Exercise data ::
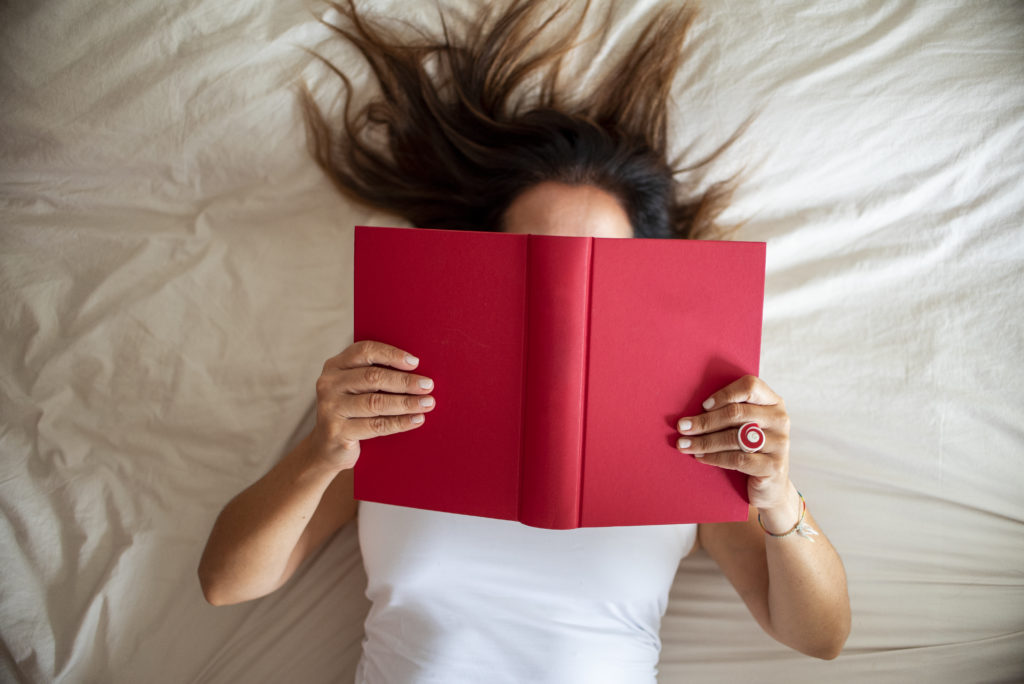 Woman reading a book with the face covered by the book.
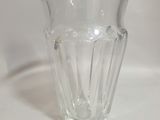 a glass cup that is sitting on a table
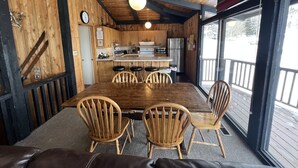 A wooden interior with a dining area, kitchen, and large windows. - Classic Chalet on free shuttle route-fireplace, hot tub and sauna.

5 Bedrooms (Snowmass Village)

What is expected :: Would you return the material exactly, images excluded?

Solution to the problem ::
 Woman reading a book with the face covered by the book.
 a glass cup that is sitting on a table
 A wooden interior with a dining area, kitchen, and large windows. - Classic Chalet on free shuttle route-fireplace, hot tub and sauna.

5 Bedrooms (Snowmass Village)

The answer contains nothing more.